A short while later, this pilot’s aircraft was heavily damaged by ground fire (other sources claim it was an aerial dogfight), forcing him to land behind enemy lines and allowing him to be captured by the Germans. The Germans confiscated the personal belongings from his pockets, but they didn’t catch the leather pouch around his neck. On his way to a permanent prisoner of war facility, he was held overnight in a small German-held French village near the front. During the night, the town was bombarded by the British, creating enough confusion to allow the pilot to escape.
The pilot avoided German patrols by donning civilian attire, but all of his identification had been confiscated so he had no way to prove his identity. With great difficulty, he crept across no-man’s land and made contact with a French patrol. Unfortunately for him, the French had been on the lookout for German saboteurs dressed as civilians. The French mistook the American pilot for a German saboteur and immediately prepared to execute him.

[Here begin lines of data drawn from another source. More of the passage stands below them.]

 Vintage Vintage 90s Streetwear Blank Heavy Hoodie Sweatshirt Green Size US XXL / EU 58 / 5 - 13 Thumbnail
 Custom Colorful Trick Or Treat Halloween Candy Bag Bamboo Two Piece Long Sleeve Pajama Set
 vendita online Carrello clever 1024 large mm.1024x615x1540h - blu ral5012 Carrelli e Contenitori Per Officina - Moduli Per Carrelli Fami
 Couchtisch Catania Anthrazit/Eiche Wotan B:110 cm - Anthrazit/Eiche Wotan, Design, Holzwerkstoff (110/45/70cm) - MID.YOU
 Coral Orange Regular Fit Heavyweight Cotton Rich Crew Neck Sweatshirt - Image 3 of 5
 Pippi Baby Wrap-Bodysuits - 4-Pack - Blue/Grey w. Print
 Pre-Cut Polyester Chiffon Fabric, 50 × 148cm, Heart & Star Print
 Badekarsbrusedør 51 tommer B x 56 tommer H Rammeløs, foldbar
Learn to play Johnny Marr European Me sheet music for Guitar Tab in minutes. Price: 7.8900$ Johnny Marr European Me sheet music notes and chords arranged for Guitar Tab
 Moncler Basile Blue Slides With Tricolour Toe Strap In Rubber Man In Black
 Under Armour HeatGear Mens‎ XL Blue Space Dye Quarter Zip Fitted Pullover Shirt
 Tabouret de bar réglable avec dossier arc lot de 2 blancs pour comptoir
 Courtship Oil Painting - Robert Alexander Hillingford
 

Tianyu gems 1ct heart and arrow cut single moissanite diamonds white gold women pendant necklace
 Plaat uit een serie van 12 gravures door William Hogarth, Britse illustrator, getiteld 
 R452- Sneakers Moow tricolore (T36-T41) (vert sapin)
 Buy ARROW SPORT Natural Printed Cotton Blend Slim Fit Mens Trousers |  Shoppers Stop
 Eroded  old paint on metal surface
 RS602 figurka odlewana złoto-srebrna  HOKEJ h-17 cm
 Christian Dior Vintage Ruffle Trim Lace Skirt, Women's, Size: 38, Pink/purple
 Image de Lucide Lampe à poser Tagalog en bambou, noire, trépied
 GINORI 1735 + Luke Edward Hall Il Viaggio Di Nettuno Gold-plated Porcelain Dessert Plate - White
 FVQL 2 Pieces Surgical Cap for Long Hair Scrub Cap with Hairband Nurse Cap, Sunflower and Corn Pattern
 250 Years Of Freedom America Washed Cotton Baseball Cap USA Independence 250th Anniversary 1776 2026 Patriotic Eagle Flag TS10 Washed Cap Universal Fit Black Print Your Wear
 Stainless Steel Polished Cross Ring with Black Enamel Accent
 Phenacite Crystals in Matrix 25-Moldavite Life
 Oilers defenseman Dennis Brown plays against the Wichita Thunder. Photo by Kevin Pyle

Desperate to prove his allegiance and without any identification, the pilot pulled out the coin from his leather pouch and showed it to his French captors. One of the Frenchmen recognized the unit insignia on the coin and delayed the execution long enough to confirm the pilot’s identity.
Once the pilot safely returned to his squadron, it became a tradition for all members to carry their coin at all times. To ensure compliance, the pilots would challenge each other to produce the coin. If the challenged couldn’t produce the coin, he was required to buy a drink of choice for the challenger; if the challenged could produce the coin, the challenger would purchase the drink.